Fun Stuff

Today in my ward we had a couple come present to us on pornography and its effects.  I’m sad to say that while their hearts were in the right place, I was not particularly impressed.  They had presumably visited yourbrainonporn.com, and had some very nice science.

The science probably holds up.  But I am extremely wary of taking moral directives from science.  Did you know that men are naturally polygamous?  Science says so!

If I could recommend a non-religious book to read (what am I talking about: all books are religious) I’d recommend Neal Stephenson’s The Diamond Age.  This passage in particular is relevant:

“Nell did not imagine that Constable Moore wanted to get into a detailed discussion of recent events, so she changed the subject. “I think I have finally worked out what you were trying to tell me, years ago, about being intelligent,” she said.

The Constable brightened all at once. “Pleased to hear it.”

“The Vic[torians, a “phyle,” or intentional society in an anarchocapitalist future] have an elaborate code of morals and conduct. It grew out of the moral squalor of an earlier generation, just as the original Victorians were preceded by the Georgians and the Regency. The old guard believe in that code because they came to it the hard way. They raise their children to believe in that code– but their children believe it for entirely different reasons.”

“They believe it,” the Constable said, “because they have been indoctrinated to believe it.”

“Yes. Some of them never challenge it– they grow up to be smallminded people, who can tell you what they believe but not why they believe it. Others become disillusioned by the hypocrisy of the society and rebel– as did Elizabeth Finkle-McGraw.”

Which path do you intend to take, Nell?” said the Constable, sounding very interested. “Conformity or rebellion?”

“Neither one.
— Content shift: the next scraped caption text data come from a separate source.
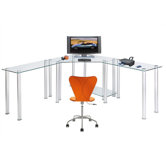 CT Computer/Laptop Desk Corner Computer Desk with Right and Left Extension Tables
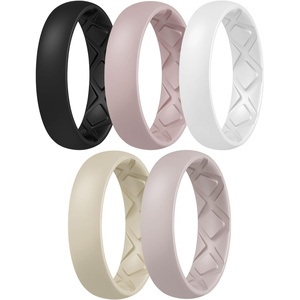 image:imageEgnaro Womens Silicone Engagement Rings 55mm Wide 2mm ThickA1Royal Black  Bright Peach  Princess White  Cream Beige  Cloudy Pink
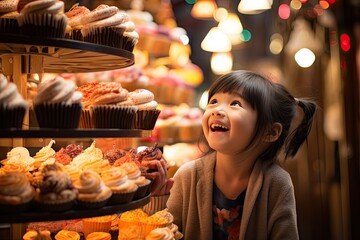 little asian girl in japan looks at a basket of assorted cupcakes - obrazy, fototapety, plakaty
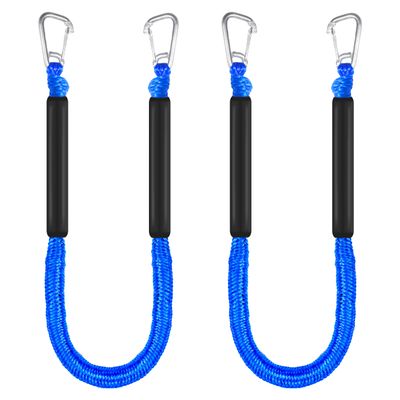 4ft Bungee Dock Lines for Boat, Dock Mooring Ropes, Two Hooks (Blue, 4FT)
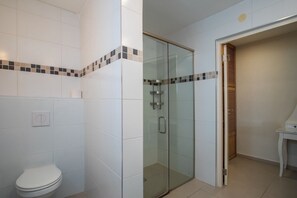 Shower, towels, soap, toilet paper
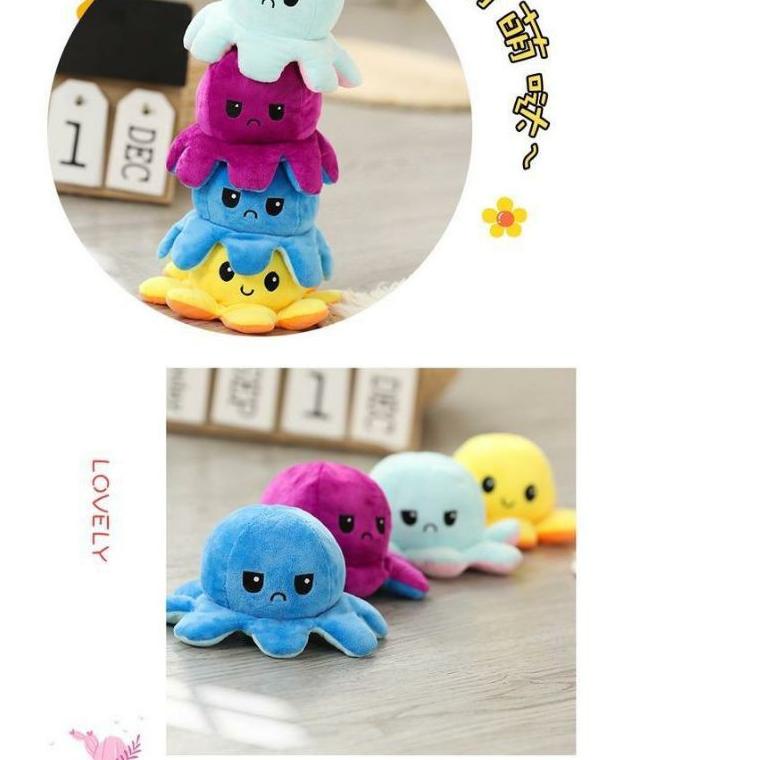 (PROMO KBZ84) Boneka Octopus Reversible/Gurita Bisa Bolak Balik 20cm 30cm 40cm ✱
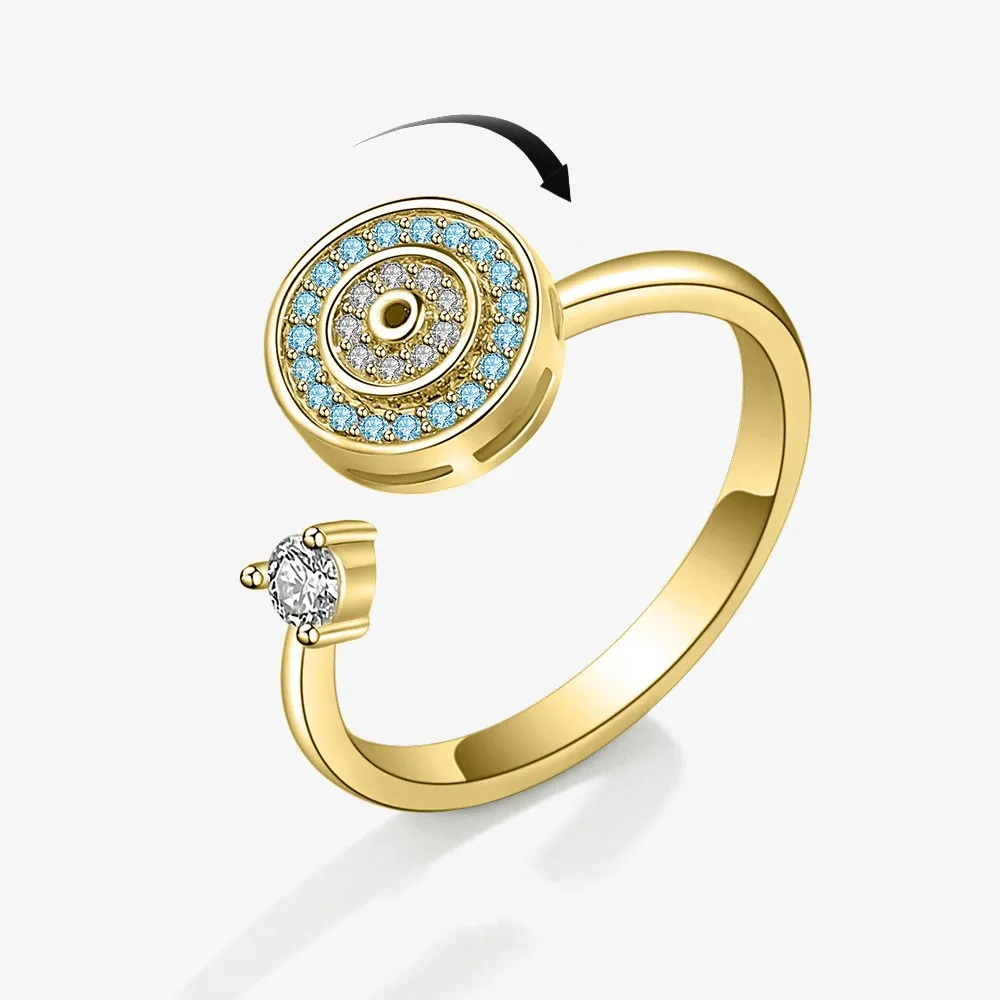 Viking Evil Eyes Rotating Adjustable Knuckle Rings For Women Crystal Anxiety Relief Spinning Ring Fidget Spinner Bague Femme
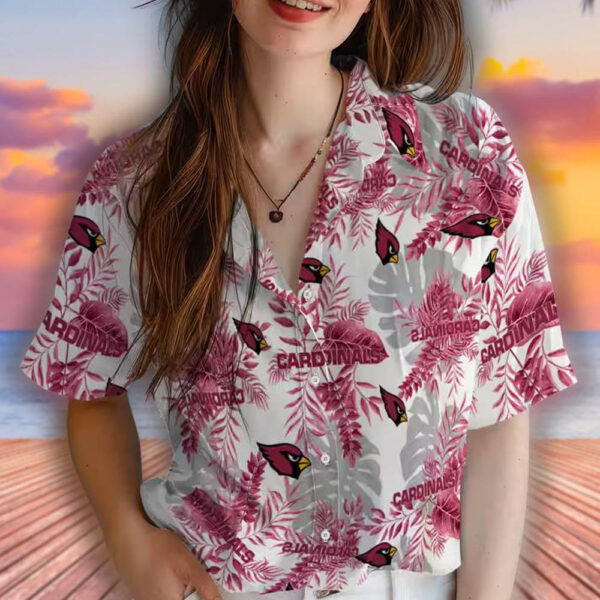Arizona Cardinals Hawaiian Shirt with Tropical Leaves Red White Design 4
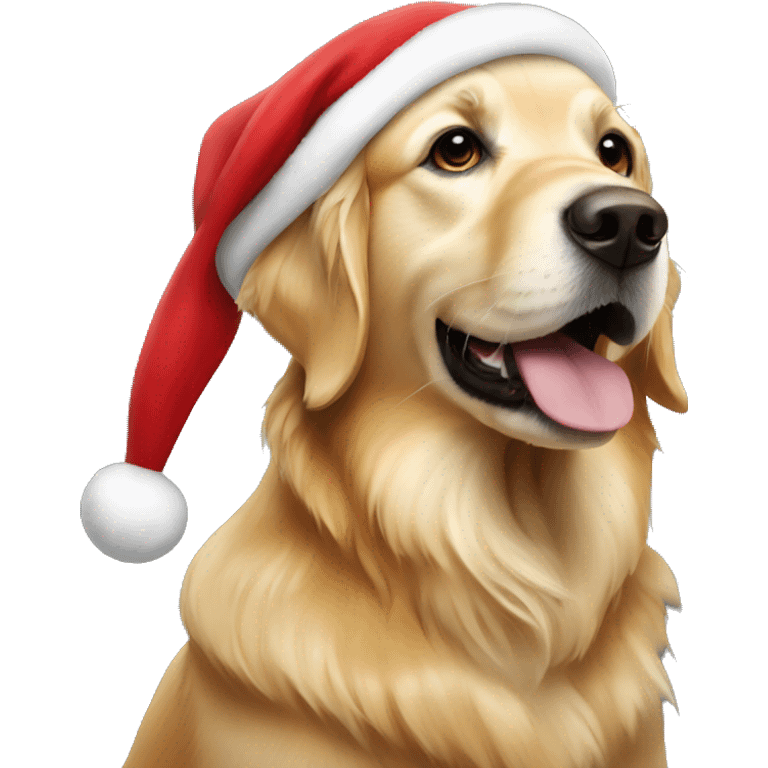 Golden retriever wearing a Santa hat emoji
Both ways are simple-minded– they are only for people who cannot cope with contradiction and ambiguity.”

If this blog has a mini-theme, it is “dealing with ambiguity,” which I happen to pretty bad at.  But I’m getting better.

Here follow things hard to understand, mostly gleaned by my own intuition.  They are meant as guideposts for your intuition to follow or work toward, not as defensible statements:

1)There is a fundamental ambiguity in just about everything.  You should put money in stocks except when you shouldn’t; you should call the girl except when you shouldn’t; you should obey the laws of the land except when you shouldn’t.
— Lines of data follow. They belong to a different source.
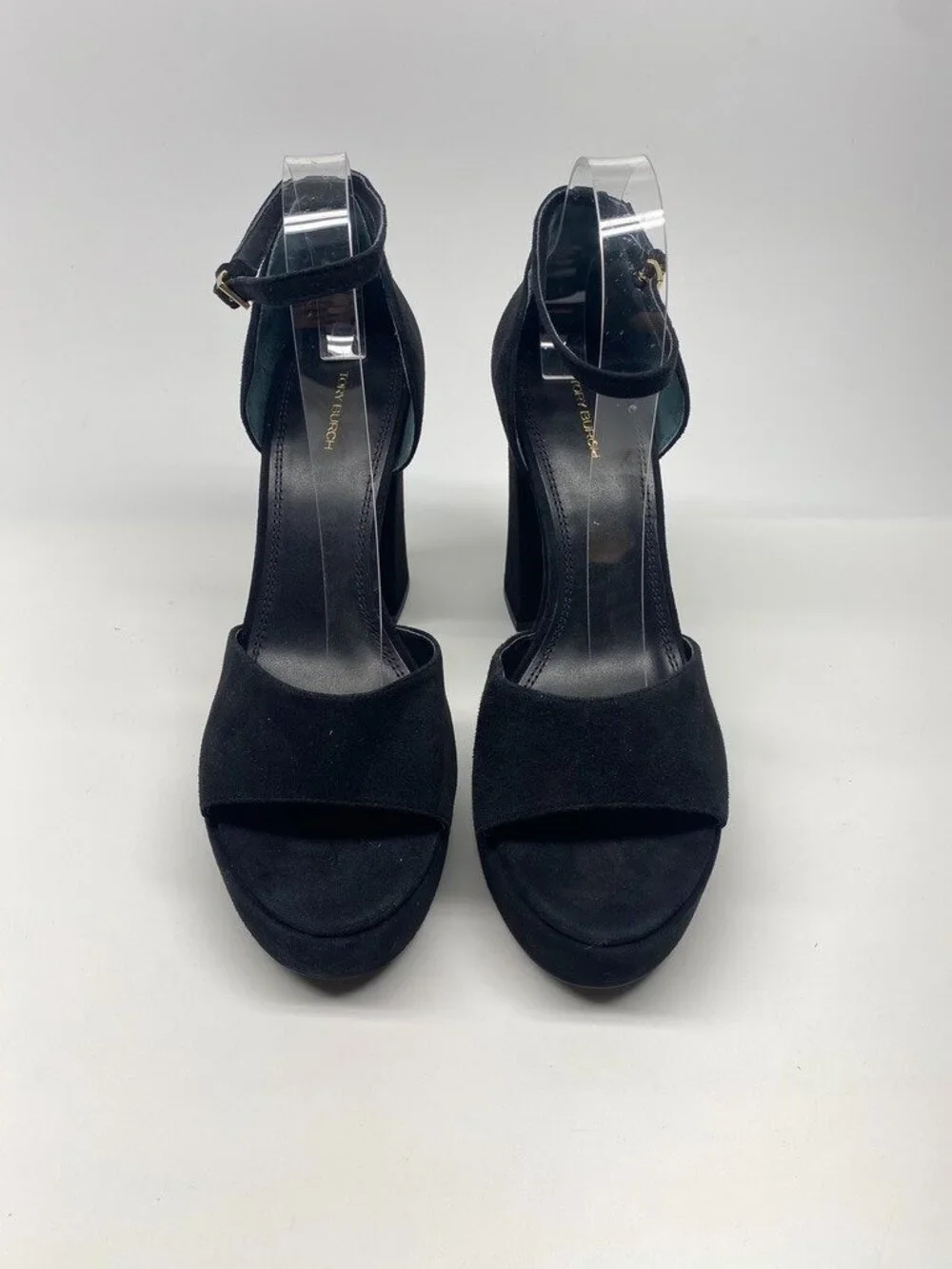 Tory Burch Women's Platform Black Suede Strap High Heel Sandals Sz 11M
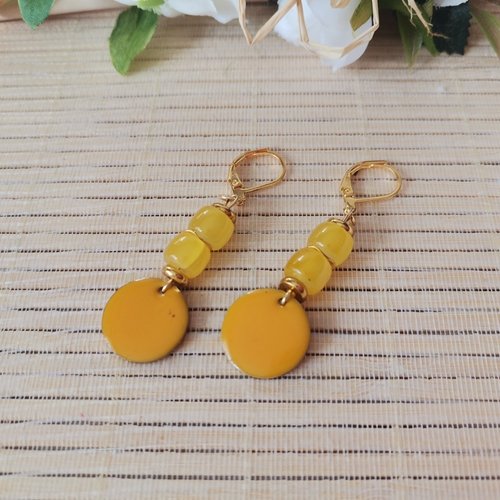 Boucles d'oreilles acier inoxydable dorées et sequin émail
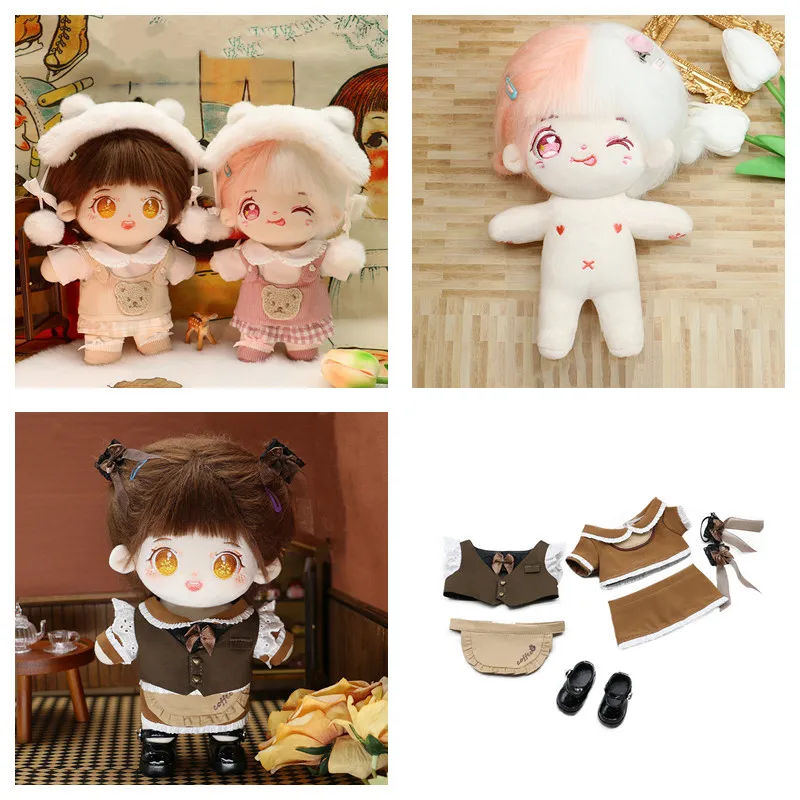 20cm Doll Clothes Dress Up Pink Strap Skirt with Hairband 20cm Clothes Plush Maid Clothes 20cm Doll Clothing Accessories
2)As such, deciding what is the right choice, or “good,” in any situation is very difficult.  That said, there is something about the action of deciding that is godlike.

3)Ambiguity means that you need…something else…when making decisions.  I am not quite sure what that is.  It would perhaps be a set of rules that change whenever they wish to.  You might call that a “personality.”  Fortunately, you are exactly that.  We are not all that great at knowing what to choose, but we do have the guidance of God.  (Un?  No, I don’t think so)Fortunately, God tends to contradict Himself quite often.  This is what any reasonable person would do when trying to explain reality, because, as in 1) above, reality is contradictory.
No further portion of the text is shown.